Overall, the electoral agency says 65.95 per cent of registered electors across the country voted on Oct. 21, 2019, which was comparable to the turnout in 2015 (68.3 per cent).
Global News took a look at the top five ridings with the highest voter turnout nationally, as well as the five ridings that experienced the lowest turnout, and dissected those results with two experts.
University of Calgary political science professor Lisa Young underscored the list contains both some continuity and idiosyncrasies.
Top 5 ridings with highest voter turnout
Five ridings in Saskatchewan, Ontario and New Brunswick claimed the top five spots for highest voter turnout this election. They are:
- Carleton (Ontario): 77.4 per cent
- Souris—Moose Mountain (Saskatchewan): 77.3 per cent
- Beauséjour (New Brunswick): 77.2 per cent
- Carlton Trail—Eagle Creek (Saskatchewan): 76.8 per cent
- Ottawa Centre (Ontario) 76.2 per cent
Stéphanie Plante, executive director of the International Commission of Jurists Canada, said the makeup of the list didn’t surprise her, particularly the presence of two Ottawa ridings.
Generally, around the world, capital cities have “really high turnout” in elections because their residents are typically more engaged by virtue of being close to government, explained Plante, who researches and lectures on elections, voter turnout and minority populations in politics.
“They work here. They live it every day … so they’re just generally hyper-aware of elections and they’re more hyper-aware of the fallout of elections,” she said.
“They are keenly aware of where political parties stand on the issues of public service engagement and renewal and stuff like that.”
High competitiveness and close contests in a riding can also trigger high turnout, experts say. Ottawa Centre has see-sawed between electing an NDP MP and a Liberal MP and has historically seen high turnout, Young pointed out.
As for the two Saskatchewan ridings, both are traditionally Conservative territory — but neither were in danger of shedding their blue colours.
“I think we saw high turnout, even though they weren’t too competitive, because people really felt that there was a message to be sent,” Young said.
Not a single Liberal candidate was elected in Saskatchewan on Monday night.
Plante also said it’s possible an anti-Liberal sentiment motivated a large turnout at the polls in those two ridings, but historically, she argued, the province has demonstrated “really high political engagement.”
“It’s just a really engaged province and a lot of people don’t know that because they’re small.”
The fact that a longtime Regina MP and now Conservative leader had a shot at being prime minister might have also increased interest in Andrew Scheer and the Tories, Plante added.

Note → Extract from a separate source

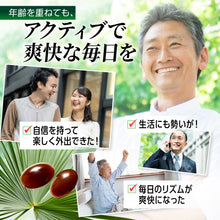 画像をギャラリービューアに読み込む, 爽快ノコギリヤシ430 ユリナック
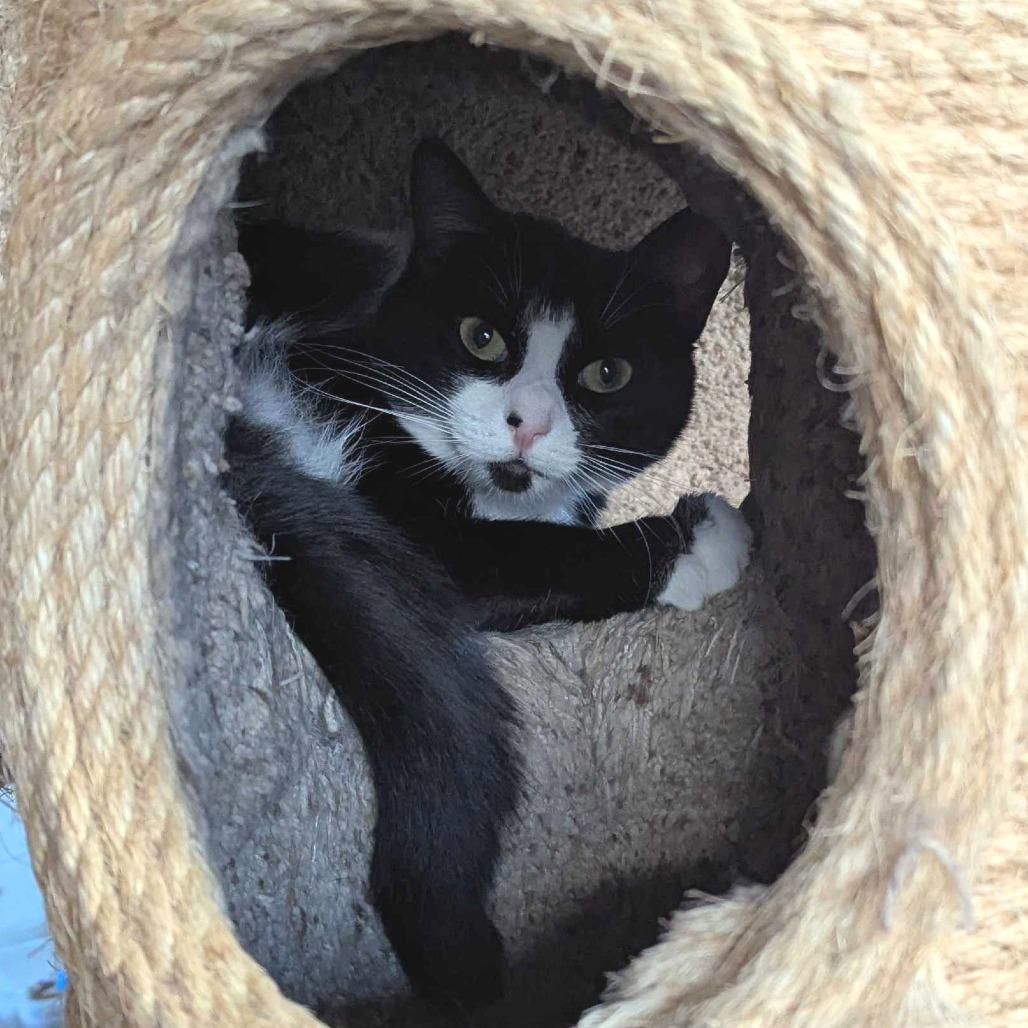 Enlarge Brie, a Adoptable Domestic Medium Hair in Portland, OR image 6/6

As for Beauséjour in New Brunswick, it’s a riding that’s typically quite engaged in the political process, she suggested. The area has been represented by Liberal MP Dominic LeBlanc for nearly two decades and before that, by his father, who later was appointed Governor-General of Canada.
“They’re very proud of their political tradition in Beauséjour and that’s usually reflected in voter turnout,” Plante said.

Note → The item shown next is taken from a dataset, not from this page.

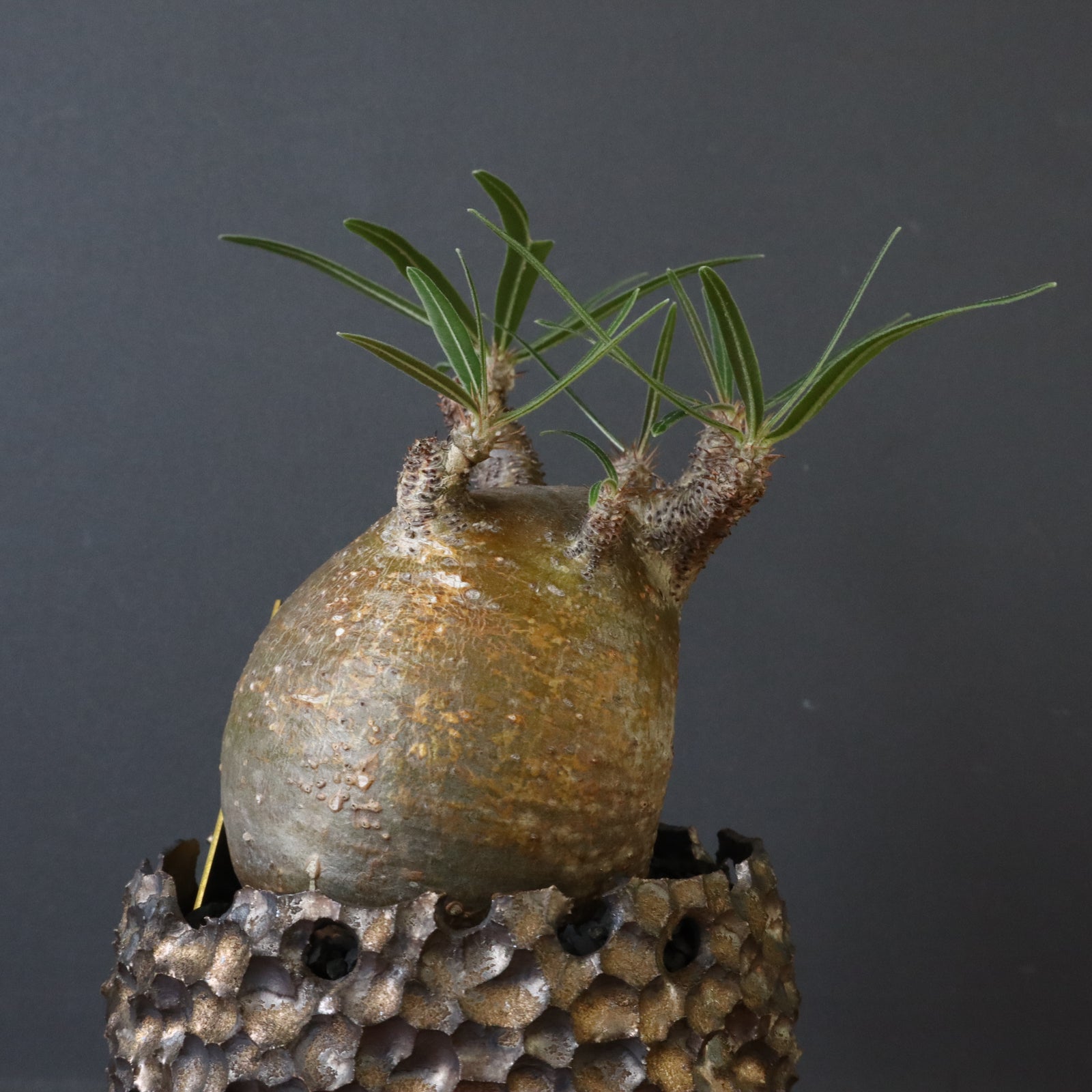 雷土陶器鉢】P.グラキリス 787【綴化】 – TaiShoDo ONLINE SHOP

5 ridings with lowest voter turnout nationally
Meanwhile, the territory of Nunavut and four other ridings in British Columbia, Manitoba and Quebec saw the lowest voter turnout in the election. They are:
- Richmond Centre (British Columbia): 51.9 per cent
- Winnipeg North (Manitoba): 50.1 per cent
- Nunavut: 48.4 per cent
- Churchill—Keewatinook Aski (Manitoba): 45.6 per cent
- Abitibi—Baie-James—Nunavik—Eeyou (Quebec): 44.7 per cent
The three ridings at the bottom of the list are all massive — they’re among Canada’s largest — and northern, both Young and Plante emphasized.
“Those always have challenges of transportation and being able to leave your house on time. Sometimes your polling station is 40 minutes away and it’s snowing or your car doesn’t work,” Plante said.
“It’s just proven that the longer the distance, the less you’ll be motivated to get out there.”
In addition to that, many First Nations communities prefer to participate at their band or nation level and don’t participate in Canada’s federal elections “because to them, their nation is their nation,” Plante added.
As for Richmond Centre, Plante noted the riding has one of the largest immigrant populations in Canada and it’s possible a sizeable percentage of the population wasn’t able to vote in this federal election.
To that point, Young said studies have shown there is lower turnout among citizens in elections for which they were eligible to vote for the first time.
Both Young and Plante couldn’t say definitively why voter turnout in Winnipeg North is so low.